### TASK BRIEF:
Word for word, repeat all the entries below, but without the pictures.

### MATERIAL PROVIDED:

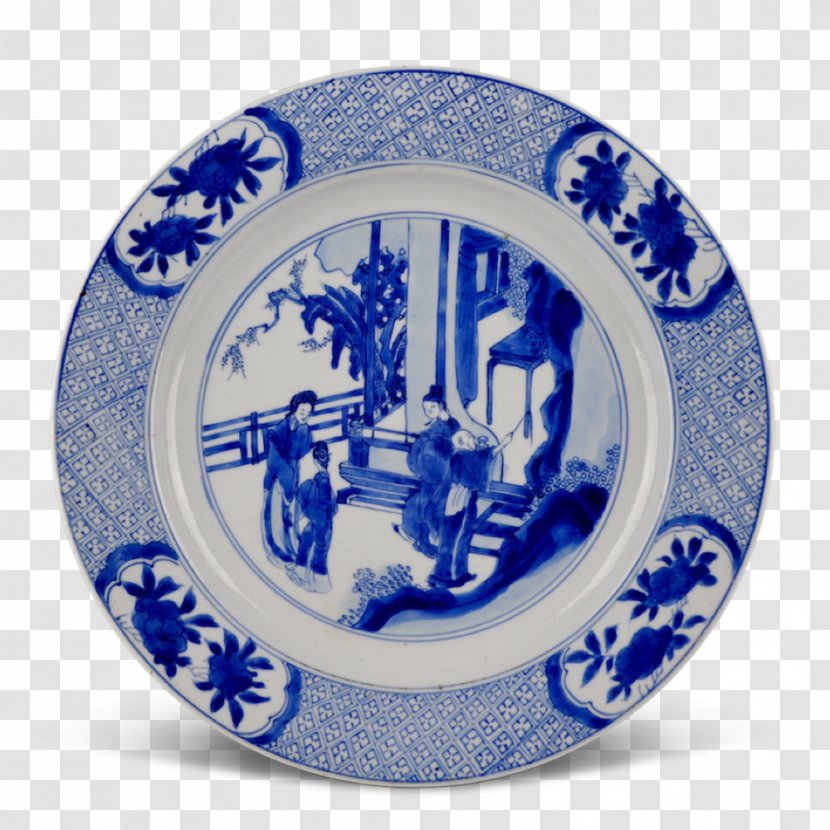 Plate Blue And White Pottery Imari Ware Famille Rose Platter Transparent PNG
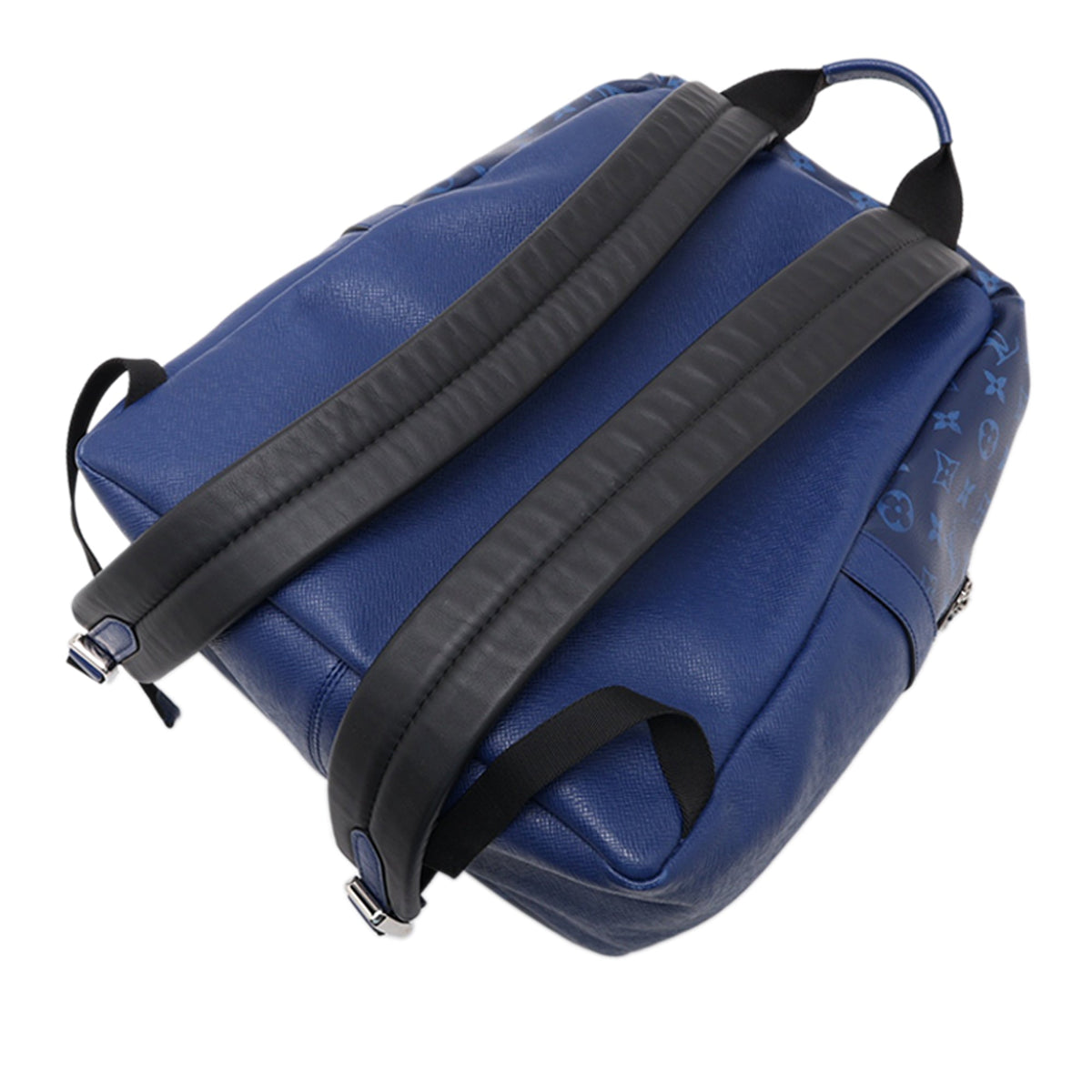 Louis Vuitton Monogram Taigarama Discovery Backpack — Blue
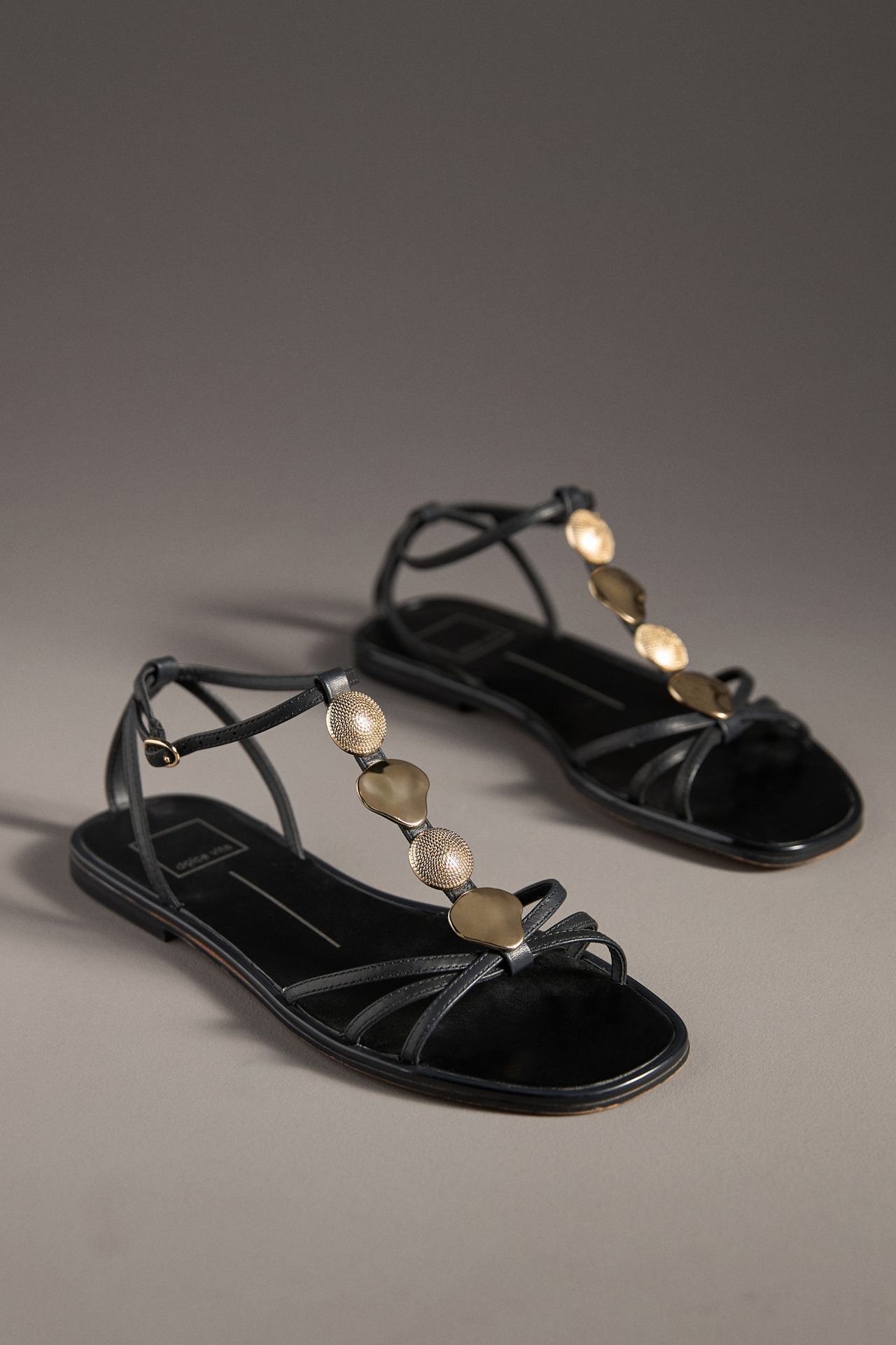Dolce Vita Faun Studded Strappy Sandals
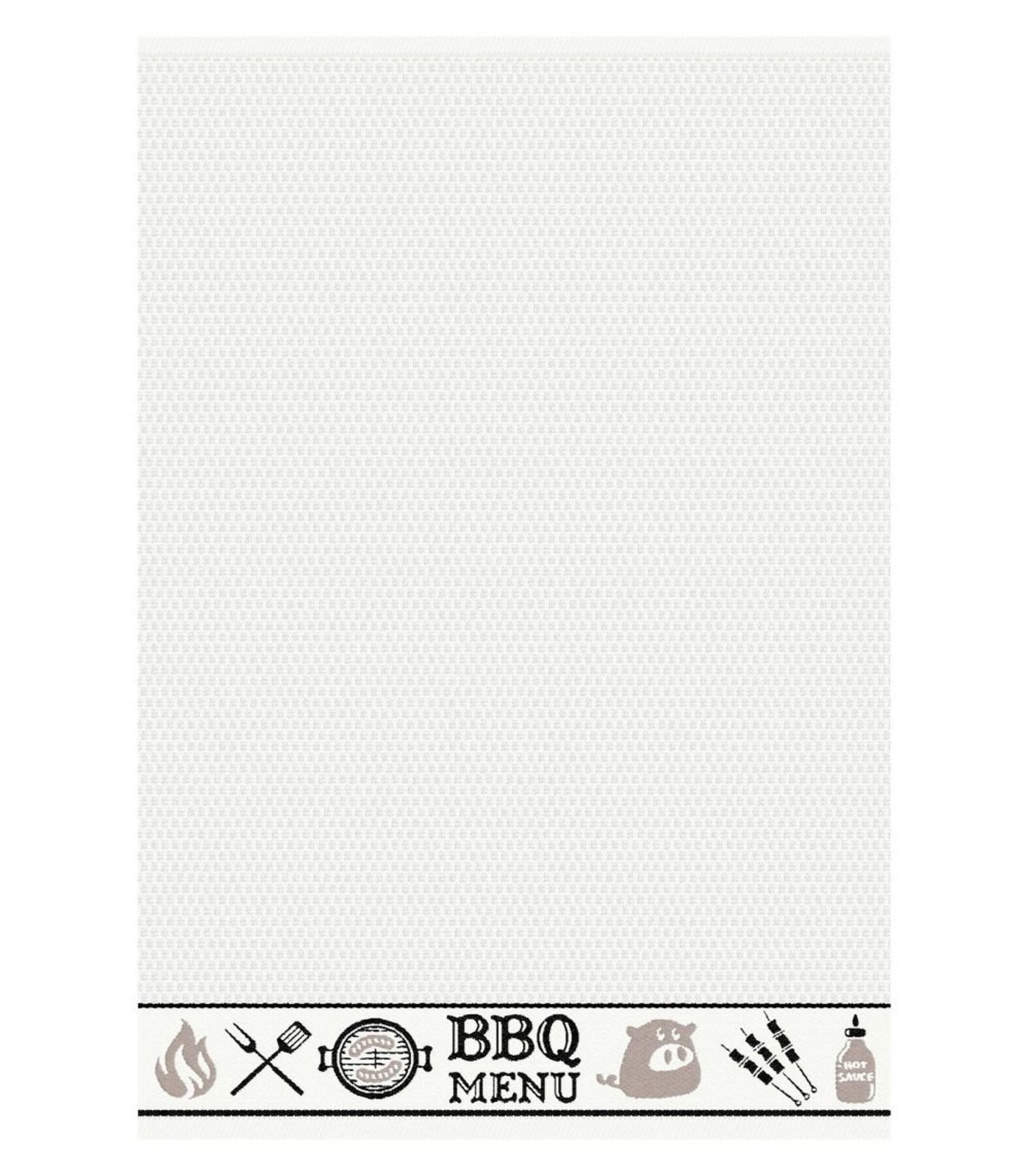 Pano De Copa Jacquard Atlantica Bege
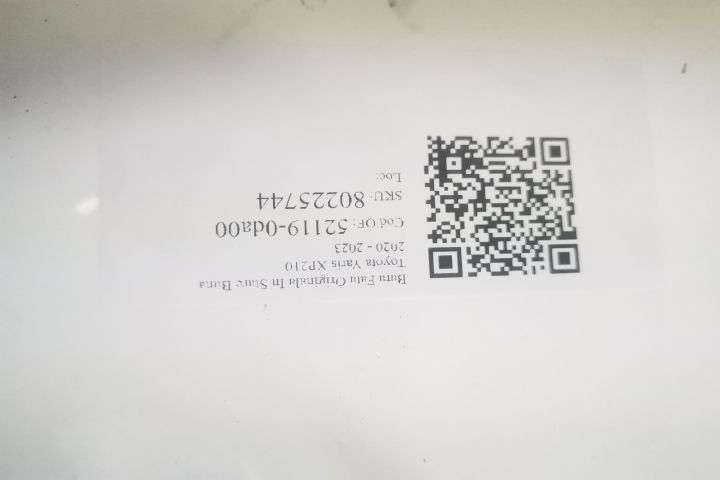 Предна броня Оригинална В добро състояние Тойота Ярис / Toyota Yaris X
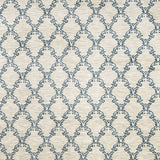 Acanthus Light Gray/Blue Area Rug - Ornate Home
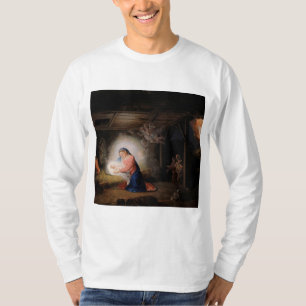 Camiseta La Natividad de Cristo (por Vladimir Borovikovsky)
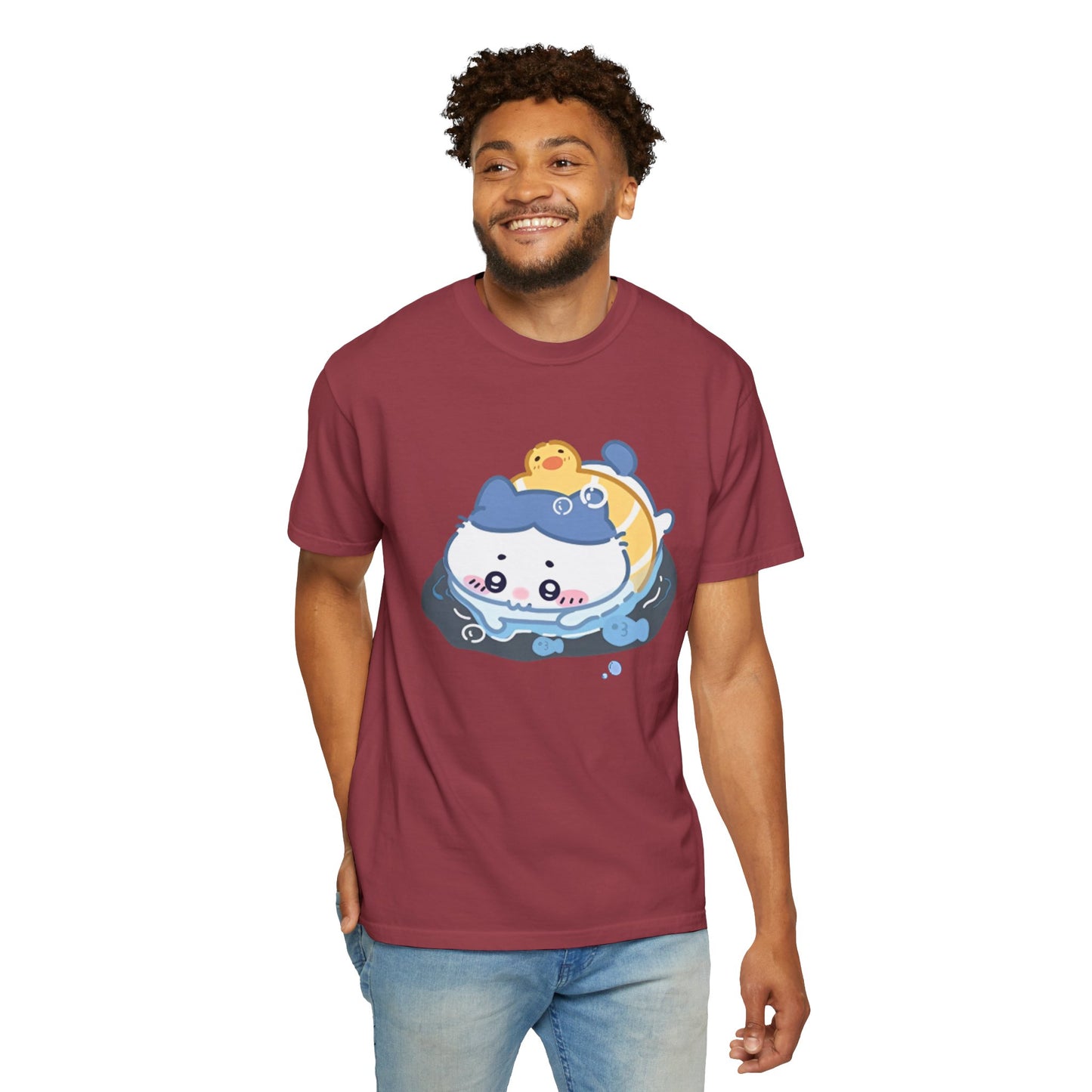Cartoon Cute Meow Unisex T-Shirt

### TASK ANSWER:
 Plate Blue And White Pottery Imari Ware Famille Rose Platter Transparent PNG
 Louis Vuitton Monogram Taigarama Discovery Backpack — Blue
Dolce Vita Faun Studded Strappy Sandals
 Pano De Copa Jacquard Atlantica Bege
 Предна броня Оригинална В добро състояние Тойота Ярис / Toyota Yaris X
 Acanthus Light Gray/Blue Area Rug - Ornate Home
 Camiseta La Natividad de Cristo (por Vladimir Borovikovsky)
Cartoon Cute Meow Unisex T-Shirt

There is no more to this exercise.